What you need to do:
Exactly the lines below from the line with "China: Camels in" through the line with "a01f097ce5fcc324e254a857c4bbca52" must make up the answer, both ends included and pictures left out.

Records:
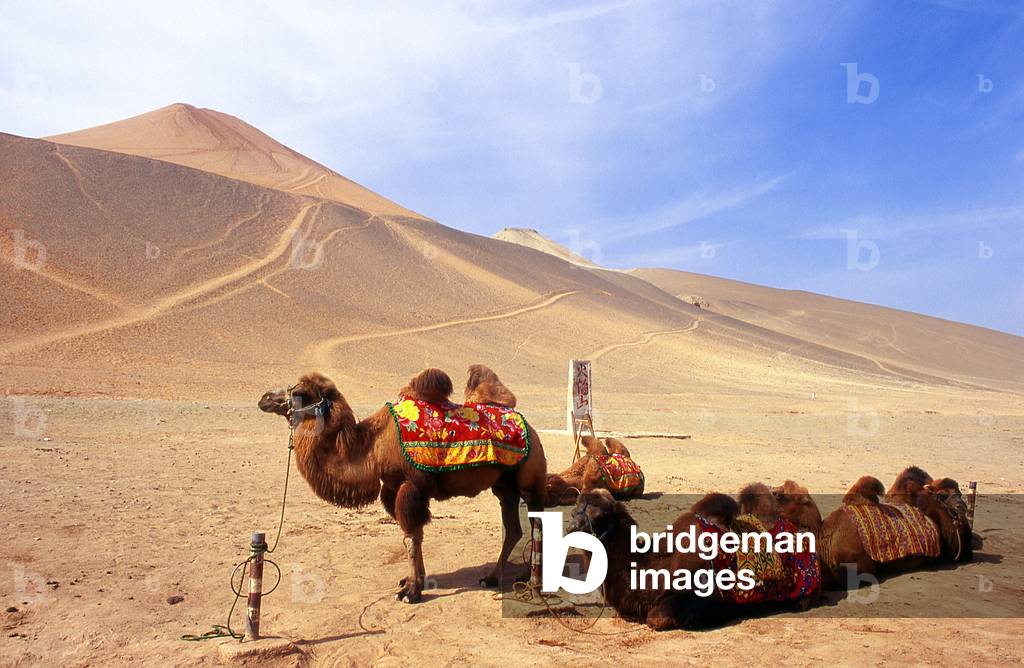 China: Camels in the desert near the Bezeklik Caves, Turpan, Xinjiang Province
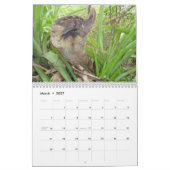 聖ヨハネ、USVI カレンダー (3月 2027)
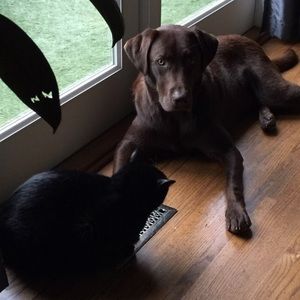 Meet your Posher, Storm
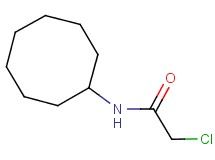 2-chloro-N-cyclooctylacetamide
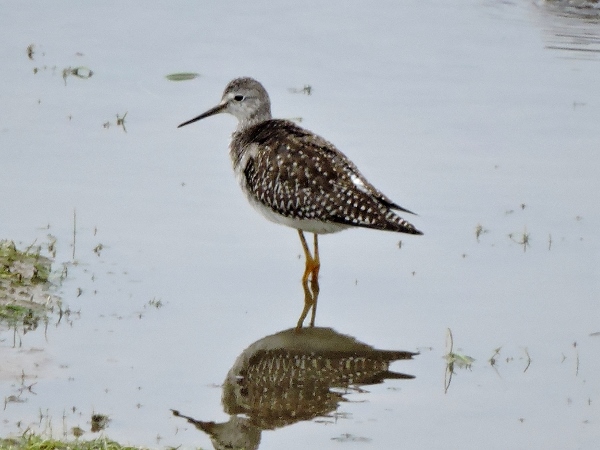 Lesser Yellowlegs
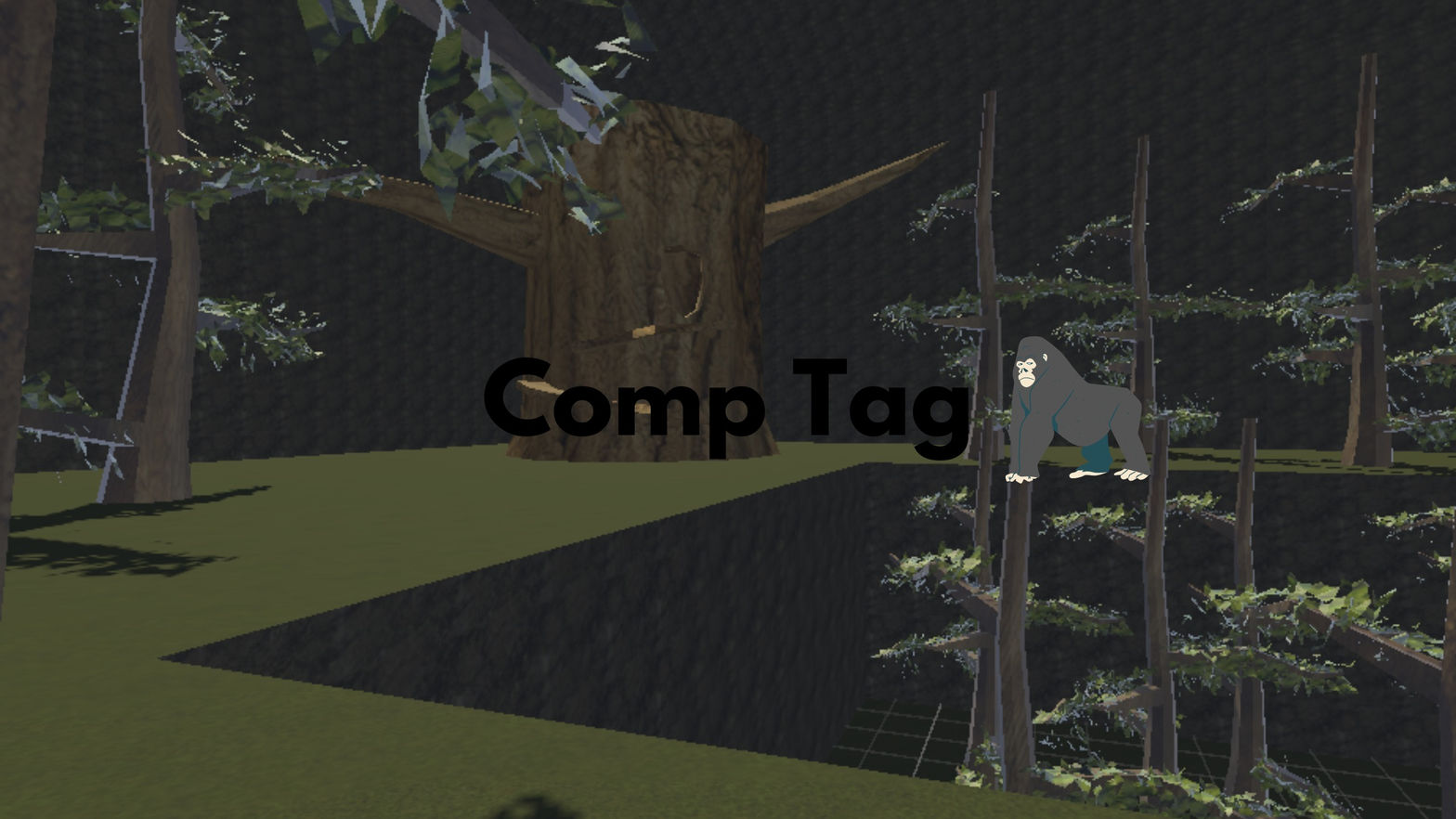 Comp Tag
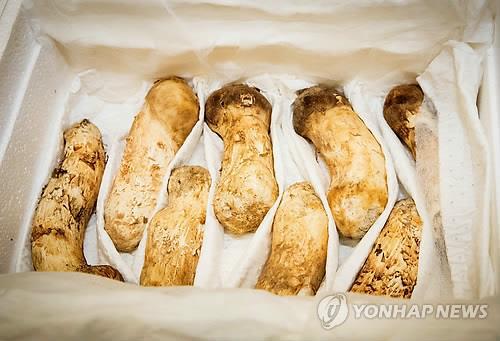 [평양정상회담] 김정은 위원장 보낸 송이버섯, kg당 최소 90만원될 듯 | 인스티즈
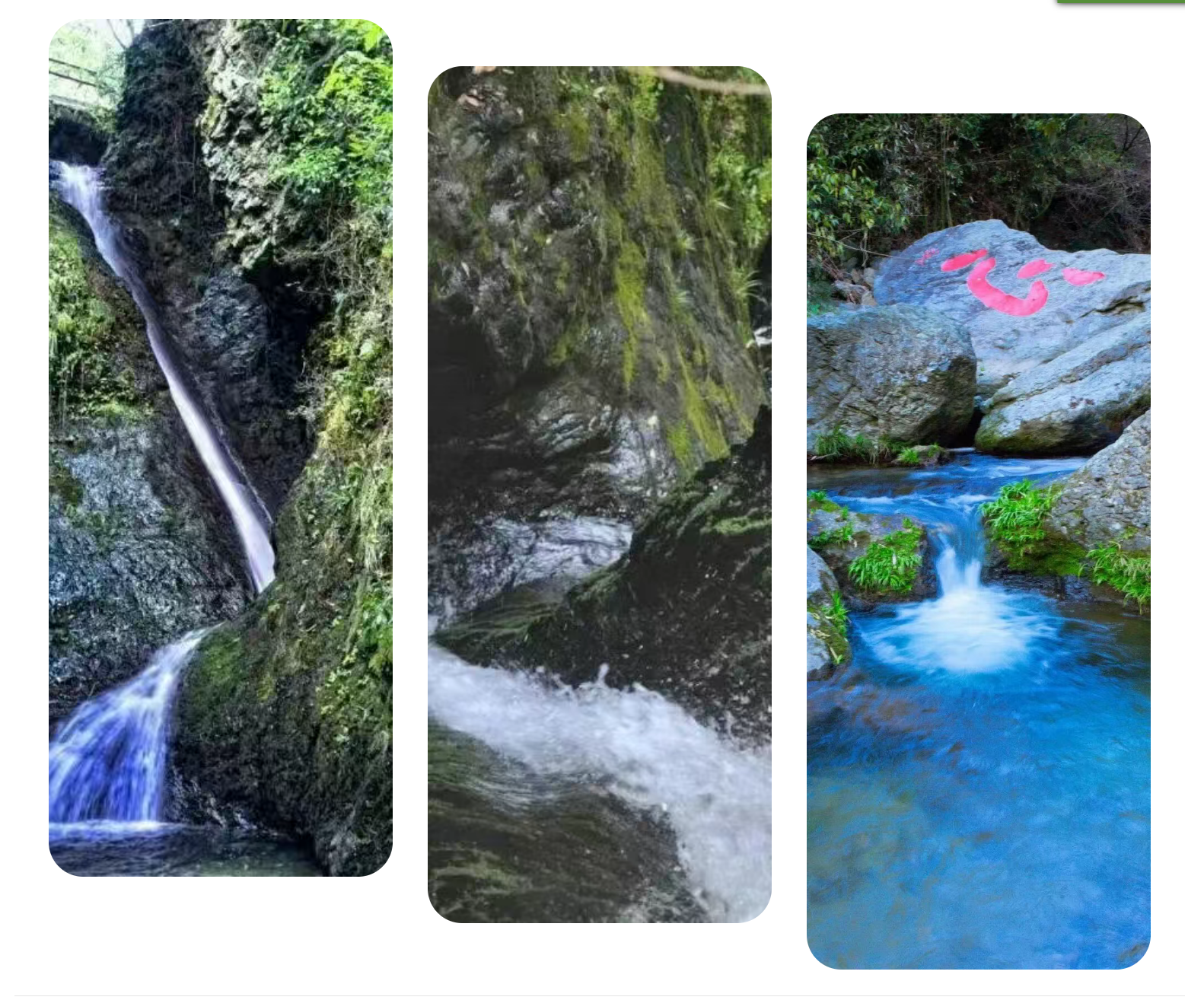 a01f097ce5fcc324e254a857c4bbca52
* * *
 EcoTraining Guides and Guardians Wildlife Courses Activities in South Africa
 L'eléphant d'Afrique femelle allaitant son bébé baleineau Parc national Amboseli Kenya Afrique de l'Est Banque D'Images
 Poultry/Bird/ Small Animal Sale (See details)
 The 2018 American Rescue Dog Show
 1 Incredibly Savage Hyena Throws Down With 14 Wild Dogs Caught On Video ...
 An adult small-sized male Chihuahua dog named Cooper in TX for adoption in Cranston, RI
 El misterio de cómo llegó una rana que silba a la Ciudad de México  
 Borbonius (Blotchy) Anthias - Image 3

Solution to this task:
 China: Camels in the desert near the Bezeklik Caves, Turpan, Xinjiang Province
 聖ヨハネ、USVI カレンダー (3月 2027)
 Meet your Posher, Storm
 2-chloro-N-cyclooctylacetamide
 Lesser Yellowlegs
 Comp Tag
 [평양정상회담] 김정은 위원장 보낸 송이버섯, kg당 최소 90만원될 듯 | 인스티즈
 a01f097ce5fcc324e254a857c4bbca52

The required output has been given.